• **WORK REQUEST**:
From the line with "Immunofluorescence (IF) /" down to the final line of the material, please transcribe everything exactly, but leave the pictures out.
── RECORDS TO USE
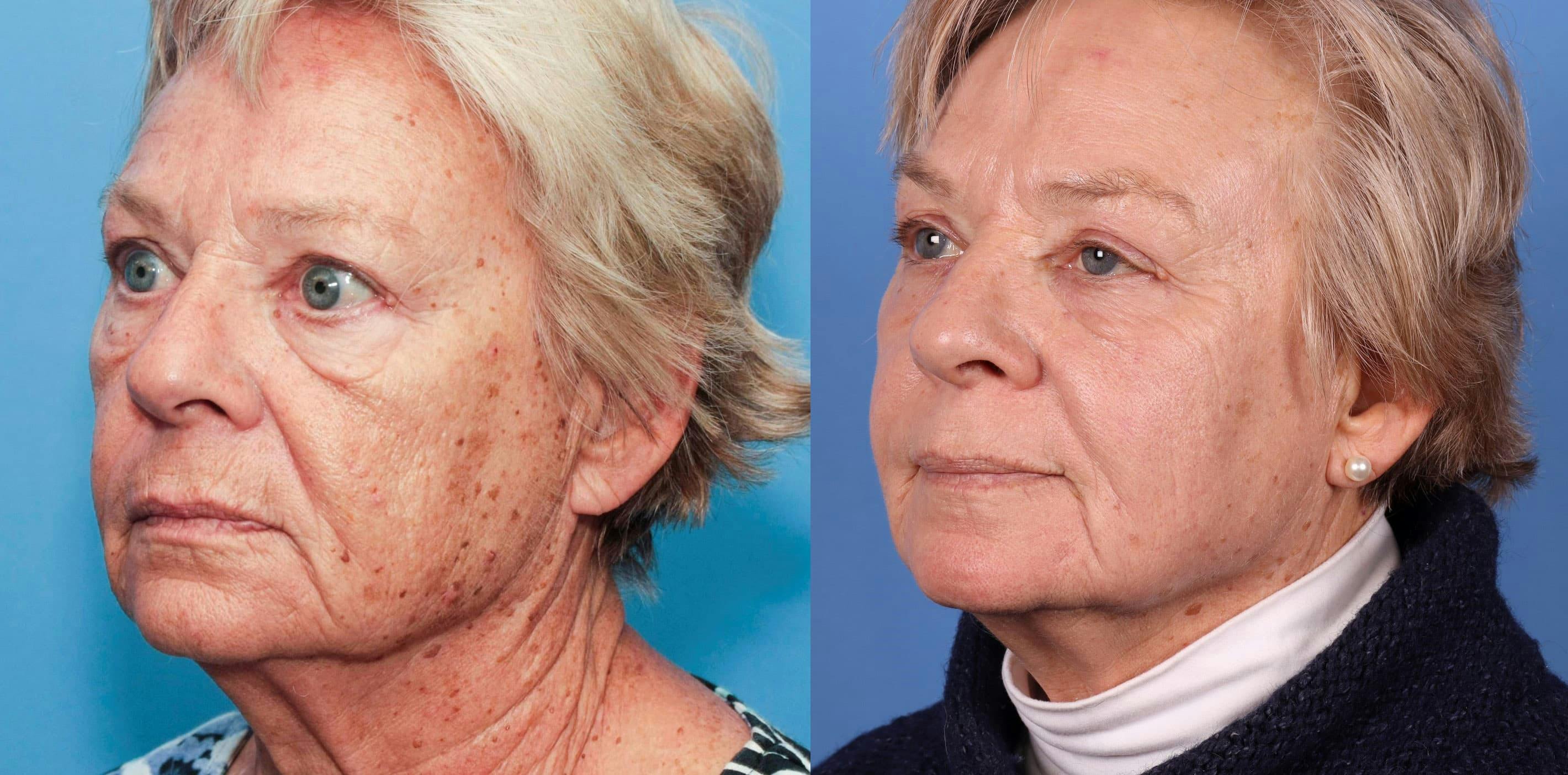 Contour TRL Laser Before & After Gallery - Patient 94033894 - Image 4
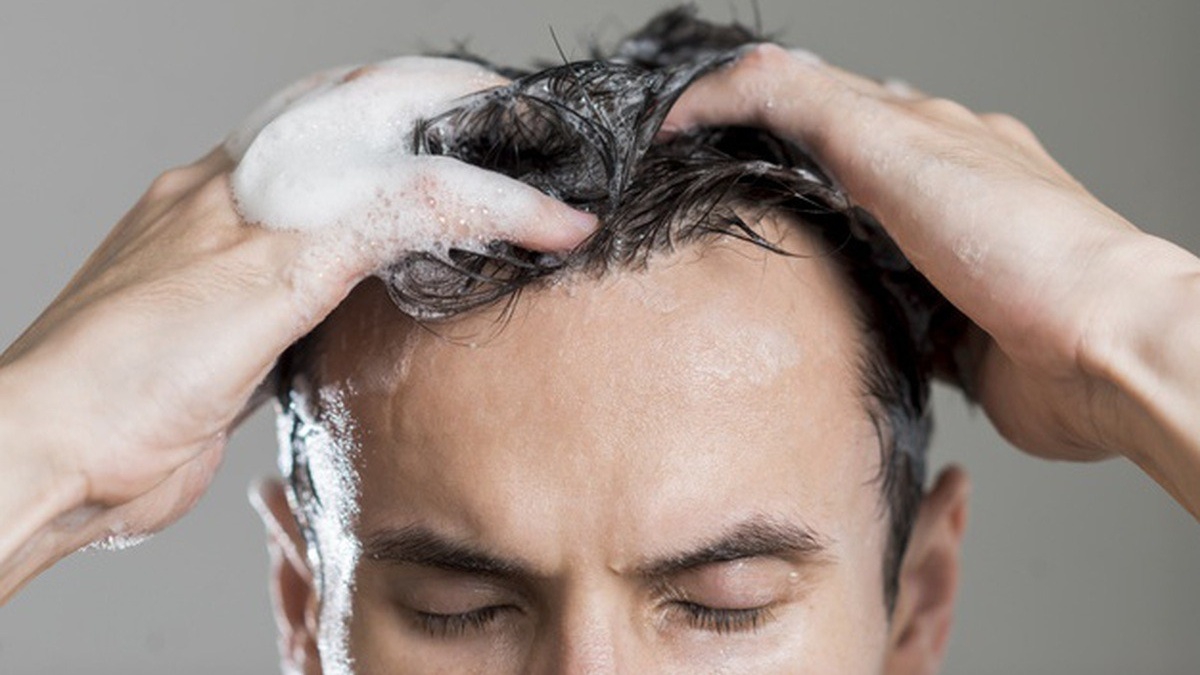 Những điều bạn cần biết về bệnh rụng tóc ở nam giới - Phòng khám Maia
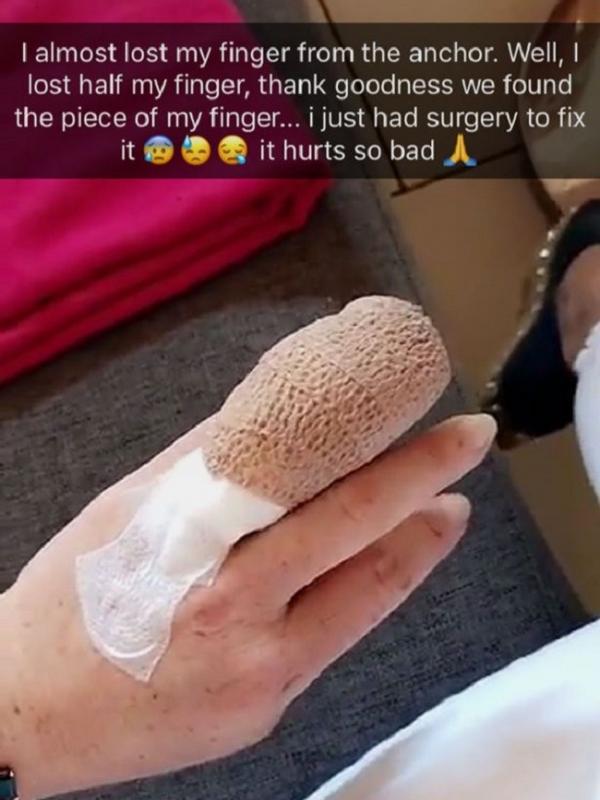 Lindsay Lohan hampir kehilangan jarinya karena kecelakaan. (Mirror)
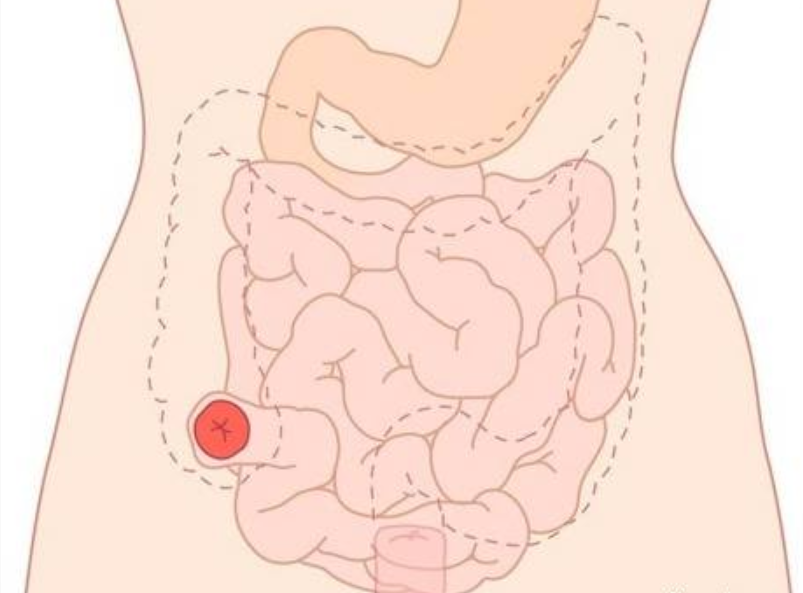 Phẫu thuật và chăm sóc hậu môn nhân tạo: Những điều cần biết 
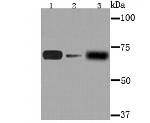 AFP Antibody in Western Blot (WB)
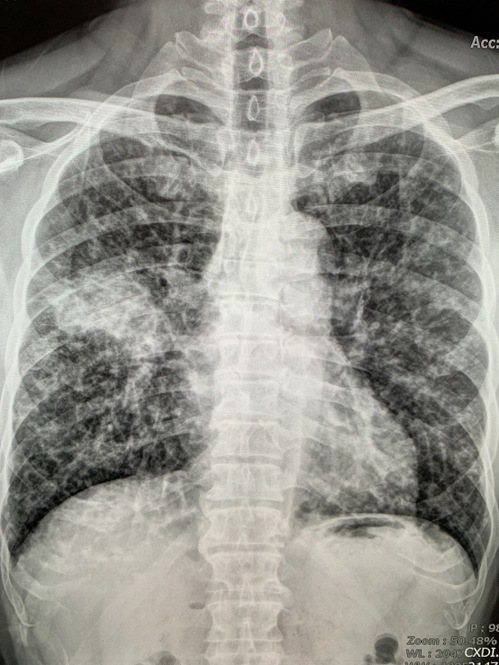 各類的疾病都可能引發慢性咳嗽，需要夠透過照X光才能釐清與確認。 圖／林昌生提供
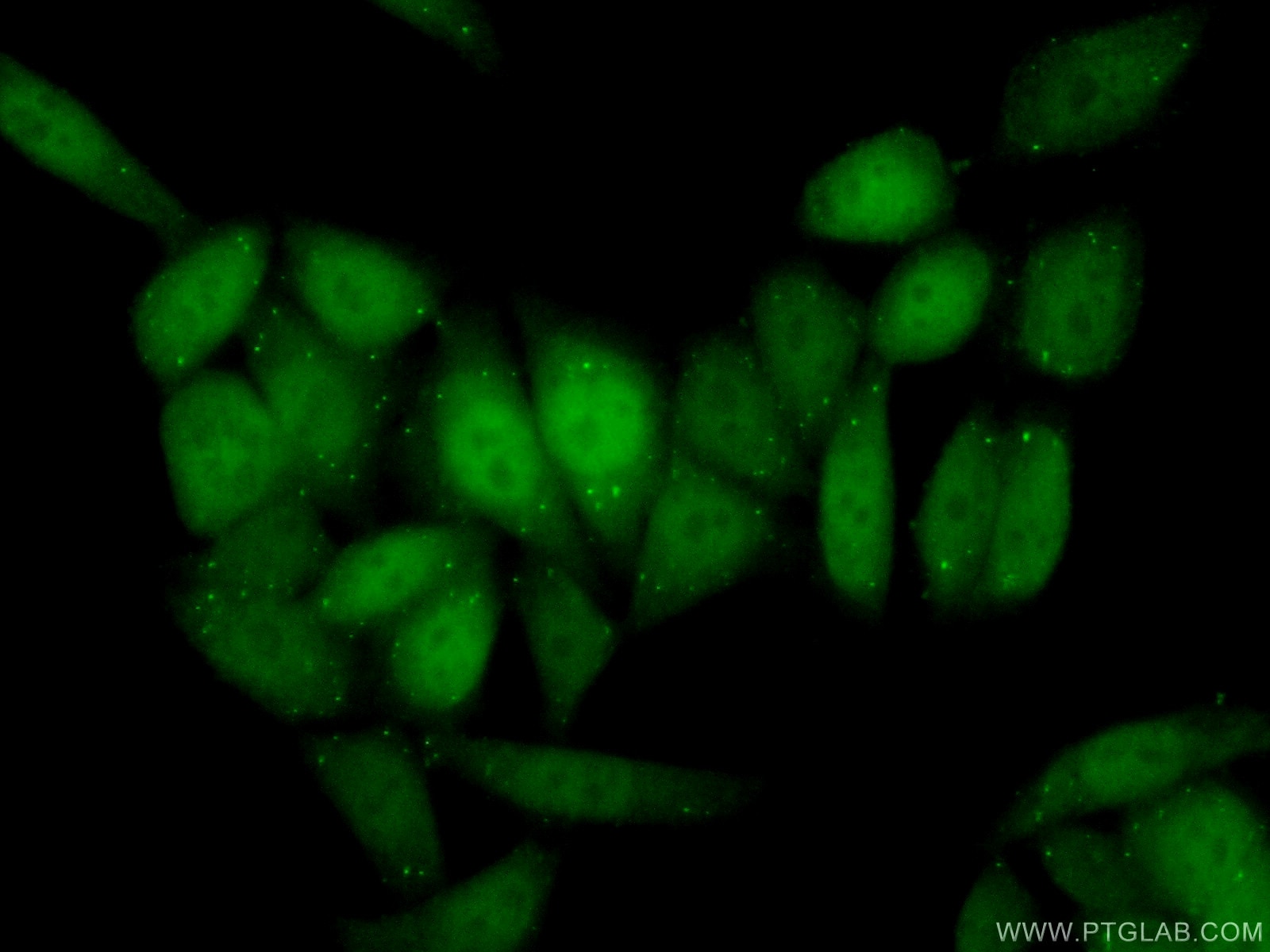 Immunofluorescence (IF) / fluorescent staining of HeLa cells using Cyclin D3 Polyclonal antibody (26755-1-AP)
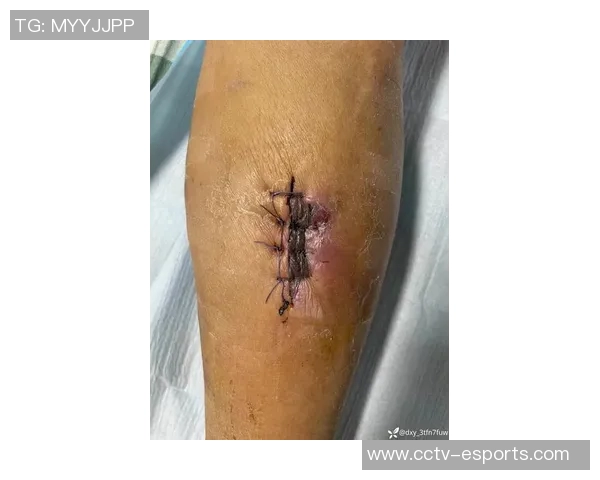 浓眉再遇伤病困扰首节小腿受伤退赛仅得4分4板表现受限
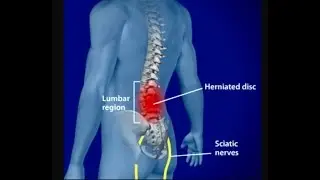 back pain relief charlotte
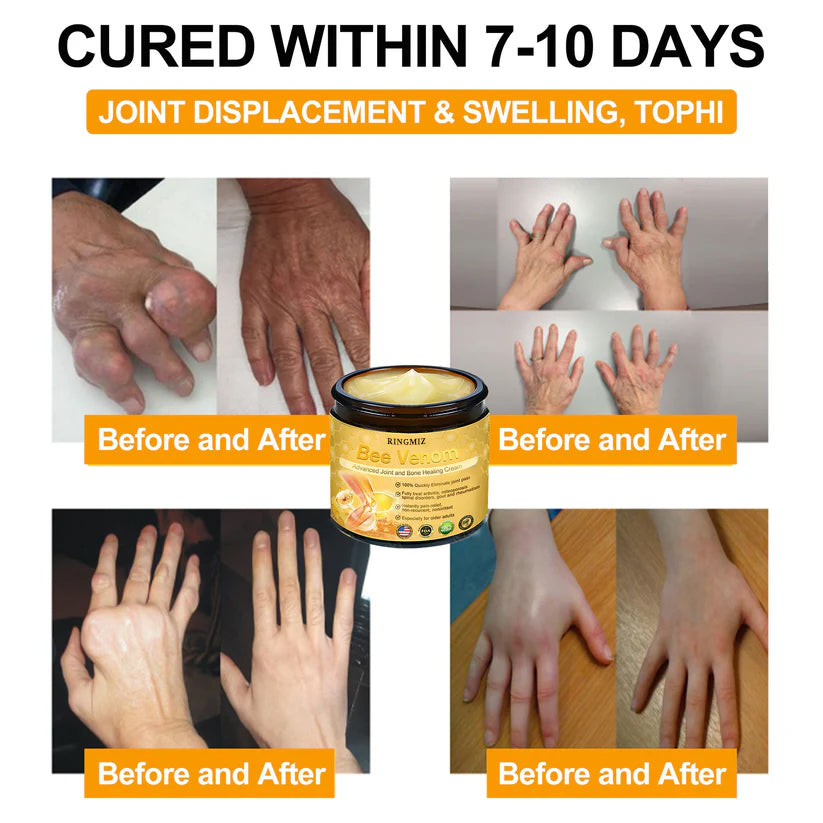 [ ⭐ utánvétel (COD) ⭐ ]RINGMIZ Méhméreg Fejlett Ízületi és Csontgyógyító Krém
────
• **OUTPUT**:
 Immunofluorescence (IF) / fluorescent staining of HeLa cells using Cyclin D3 Polyclonal antibody (26755-1-AP)
 浓眉再遇伤病困扰首节小腿受伤退赛仅得4分4板表现受限
 back pain relief charlotte
 [ ⭐ utánvétel (COD) ⭐ ]RINGMIZ Méhméreg Fejlett Ízületi és Csontgyógyító Krém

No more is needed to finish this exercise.